Blood Races have three distinct classes, all of which reminded me that Watch Dog’s game within-a-game was likely inspired by Zombie Driver. Race mode is a a racing classic but with a machine-gunning-zombies sort of slant. In Eliminator mode, players engage in a Need For Speed-esque takedown mission, eliminating as many vehicles as possible within the allotted timeframe. Endurance mode especially reminded me of WD, and involved a challenge that entailed trying to outrace a ticking bomb strapped to the zombie-killing cab. Reaching checkpoints extended the challenge time, and maneuvering around zombies never seemed more aggravating than in this challenge.
Weapons can be plentifully found around the city, which is a good thing since the undead are sort of boundless. Careen around streets over a sea of blood and watch the clouds of dust and veritable Etch-a-Sketch of sanguinous tire tracks trail behind you. Developers have added a cool feature that takes advantage of XBox One’s next-gen platform, introducing Game DVR Greatest Moments. Zombie Driver will automatically record clips of the game’s most prolific moments. That was cool.
As players struggle to survive wave after wave zombified marauders, mounted weapons become the most effective way to mow down the afflicted. The expected range of weaponry is available: flamethrowers, rocket launchers and rail guns, among other things help you shred the plagued. Players unlock 15 different rides, from a school bus of the undead (yes, that was an Aqua Teen reference) to the upgraded taxi that doubles as a Chariot of Death, and these rides are something. Slick, sleek, and everything a zombie mercenary could hope for, the cars on offer in Zombie Driver were one of the game’s highlights for this reviewer.

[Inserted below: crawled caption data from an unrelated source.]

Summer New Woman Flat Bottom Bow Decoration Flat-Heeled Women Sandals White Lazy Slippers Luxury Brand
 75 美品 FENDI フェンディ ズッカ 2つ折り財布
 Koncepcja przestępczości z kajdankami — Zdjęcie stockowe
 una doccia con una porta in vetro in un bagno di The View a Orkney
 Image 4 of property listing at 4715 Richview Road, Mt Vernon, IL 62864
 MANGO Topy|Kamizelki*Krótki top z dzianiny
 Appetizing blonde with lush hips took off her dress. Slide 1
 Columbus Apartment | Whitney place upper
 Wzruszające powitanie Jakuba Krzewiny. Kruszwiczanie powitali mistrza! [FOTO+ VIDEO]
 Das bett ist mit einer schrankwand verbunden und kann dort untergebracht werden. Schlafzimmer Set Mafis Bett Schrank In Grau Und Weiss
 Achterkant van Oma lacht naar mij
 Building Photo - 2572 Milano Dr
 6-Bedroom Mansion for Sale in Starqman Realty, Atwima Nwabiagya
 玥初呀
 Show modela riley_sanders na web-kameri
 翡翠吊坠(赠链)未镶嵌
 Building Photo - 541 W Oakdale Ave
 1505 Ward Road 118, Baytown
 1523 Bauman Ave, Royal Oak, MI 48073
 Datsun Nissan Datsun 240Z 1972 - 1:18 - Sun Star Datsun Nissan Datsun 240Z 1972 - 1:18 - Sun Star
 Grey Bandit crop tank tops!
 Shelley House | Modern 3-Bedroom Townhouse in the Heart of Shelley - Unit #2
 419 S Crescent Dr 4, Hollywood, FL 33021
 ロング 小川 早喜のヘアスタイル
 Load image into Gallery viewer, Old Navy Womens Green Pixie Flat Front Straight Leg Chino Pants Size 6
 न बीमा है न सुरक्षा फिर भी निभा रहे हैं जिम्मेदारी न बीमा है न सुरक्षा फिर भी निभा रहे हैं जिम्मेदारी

If there was one thing in particular that was a let down, it was the incongruity between the design and the plot evolution. The game seemed funny. Like, it seemed as if it was going to be funny. Have a real sense of humor about itself. But it kind of…didn’t? It’s hard to explain, but the dialogue, the exposition didn’t make any room for the campy jokes, puns or stereotype-based yucks that I anticipated from this title. Opportunity missed.
There’s been a real scourge of zombie apocalyptica in recent years, so much so that it’s almost becoming droll. It was nice, then, to see an oldie-but-goodie come through and remind us just why we like this crap in the first place. Playing Zombie Driver was like taking on a small-scale Need for Speed (if Need for Speed hooked up with Bloodbourne at a party, maybe, and was a lot cheaper), if NFS used tanks and firetrucks and military grade weapons to clear besieged cities. The variety of vehicles, the attention to details in the game’s graphics, and the depth of challenges was enough to justify the modest price tag. Zombie Driver is worth your time and your money as it stands. However, I would have paid $20, maybe even $30 to see what this game could have been if more fully realized. I look forward to seeing what future DLC and updates bring to this fun-to-play indie title.